The cover synopsis is a little misleading (and spoiling) as to what occurs in this book. While this tale does involve Ashley’s correspondence with someone by the username “masterjinx76” (identified as Jinx on the cover), including the revelation of masterjinx76’s terrible, tragic story, the plot does not outwardly follow their interactions à la other works by LaRocca such as Things Have Gotten Worse Since We Last Spoke. This is Ashley’s tale, through and through—and although the correspondence from masterjinx76 has a powerful effect on him and his overall trajectory, this journey is wholly his own.

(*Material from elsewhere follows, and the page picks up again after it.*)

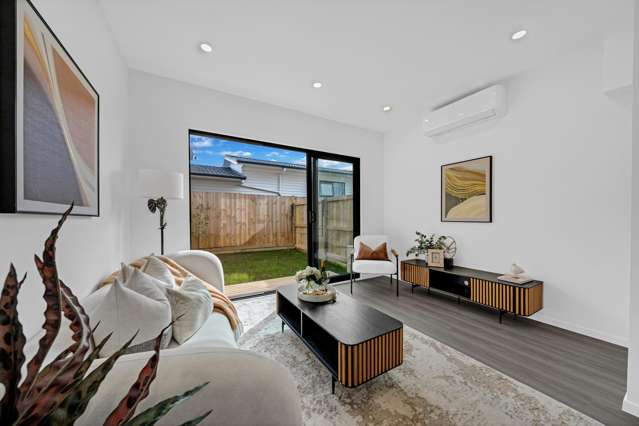 4/14 Montmere Avenue Te Atatu Peninsula_1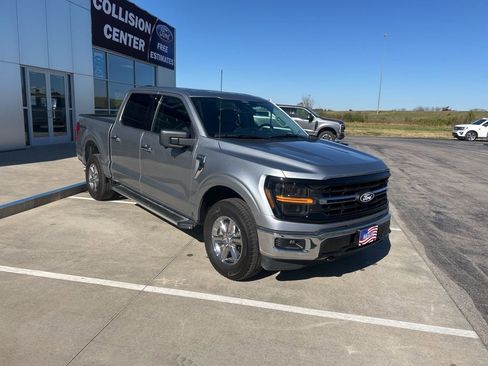 Used 2024 Ford F150 XLT w/ Tow/Haul Package image 8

Throughout the novel, Ashley intones the loathsomeness that he becomes at dark. While this admission may at first come across as a little repetitive, what it really does is serve as Ashley’s nocturnal mask, primarily to justify his mindset and actions. And while for him it feels like he is becoming his own in his mission, that he’s in his true element, in many ways, it seems to serve more as his way of hiding from the shames and traumas of his life. Time and again, he tells the reader that at dark, he becomes loathsome—but if anything, he’s really telling this to himself, for himself, because as his narrative unfolds, his vulnerable humanity is on constant display.
Although the heart of this novel is denser than a black hole, it is still very much a heart. As Ashley gently holds the reader’s hand, leading us staggering and stumbling and crawling along his journey through nihil’s maw, Eric LaRocca’s unrivaled skills at presenting beauty in decay are on full display in this unforgettable tale, carrying throughout it echoes of love, kindness—and even in its bleakest moments…hope.